Wednesday, January 2, 2013

BAB Classic: Magneto -- Testament. Historically Useful, or Travesty to Memory?

NOTE:  Today we begin a series of comics reviews that ran in the early days of the Bronze Age Babies.  This was our first review (and second post overall), originally published in early July 2009.  There were no comments on the post at that time.

Doug: I have a love for comics, specifically men in spandex (insert whatever joke you want here!!). Super-heroes, you know.

Anyway, I occasionally (although not often) get out of the box and read other genres of comics. Of particular note are comics that deal with another passion of mine, and that is study of the Holocaust. In my spare time, I am an educator with the United States Holocaust Memorial Museum, and I travel the country (and beyond at times) teaching teachers how to deliver this subject matter to secondary-aged students.

I use Art Spiegelman's Maus with my own freshmen-level classes, and I've cited that graphic novel as well as Will Eisner's The Plot (an extensive look at the writing and desemination of The Protocols of the Learned Elders of Zion) in my senior-level Social Injustice class. I just finished reading Magneto: Testament, and I want to recommend it to you. The edition I read is hardcover, runs $25 retail, and reprints the five issues of the mini-series that was published in 2008. It also includes historical endnotes and a teacher's guide. While I didn't wholeheartedly agree with all of the lesson suggestions, it would still be a welcome resource for many educators.

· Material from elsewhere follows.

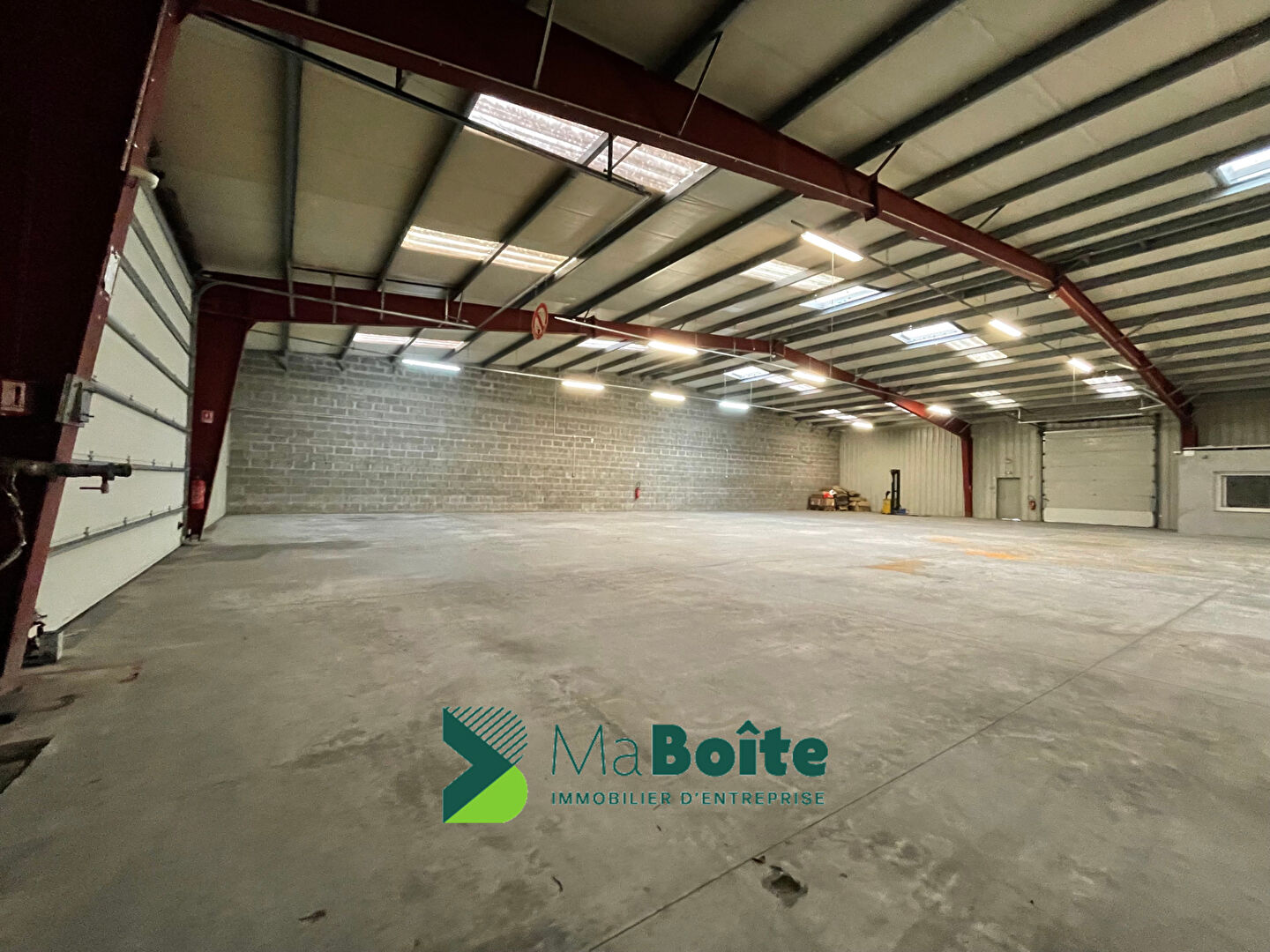 Local industriel  - 675m²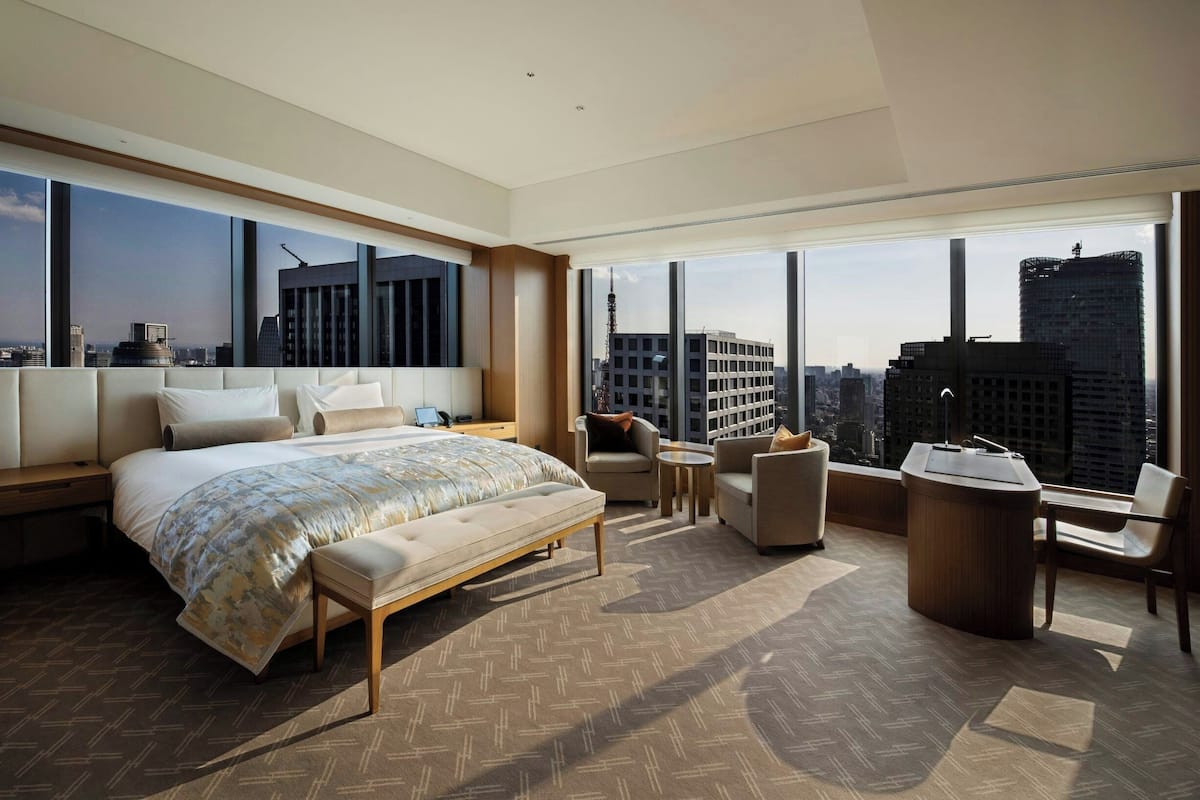 Room, 1 Katil Raja (King), Corner (Prestige, 56sqm) | Peti besi dalam bilik, meja, langsir/tirai gelap terus, kalis bunyi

If for some reason you aren't up on your X-Men lore, or if you haven't seen any of the three X-films, Magneto is the main bad guy in the mythos. He is a tragic hero, bent on making the world safe for those with mutant powers. He is quite militant, and is opposed by Charles Xavier and his X-Men; think Malcolm X's means vs. Dr. Martin Luther King's means and you get the basic story. Make no mistake -- just above I stated that he is a "tragic hero". That's somewhat of a new characterization, as throughout the Silver and Bronze Ages Magneto was one of the premier do-badders in the Marvel Universe. He left a body count, to be certain. But, around 30 years ago, Chris Claremont (and subsequent writers) decided that a way to explain Magneto's militancy in the mutant vs. non-mutant conflict was to set his origins in the Holocaust. Magneto: Testament is the definitive origin/backstory of the character.

This graphic novel could be used in any high school classroom, and is a serious and straightforward look at a German-Jewish family and their lives before and during the Shoah. As a boy in this tale, Magneto exhibits no powers, so this truly is a Holocaust story and not a superhero story in any way. The author and artist (Greg Pak and Carmine Di Giandomenico) were edited by scholars at the Simon Wiesenthal Center; I can say that everything they wrote/drew is accurate to the best of my knowledge -- the Auschwitz I and II scenes are outstanding. I was able to travel to Warsaw and Krakow, Poland last October -- my journey included a tour of Auschwitz I and Auschwitz II-Birkenau. The author/editor of this graphic novel use the book's endnotes to offer specific support for many of the scenes in the story. I felt good that what had been presented was rooted in actual events, a danger that historical fiction often faces (and often loses, in my opinion).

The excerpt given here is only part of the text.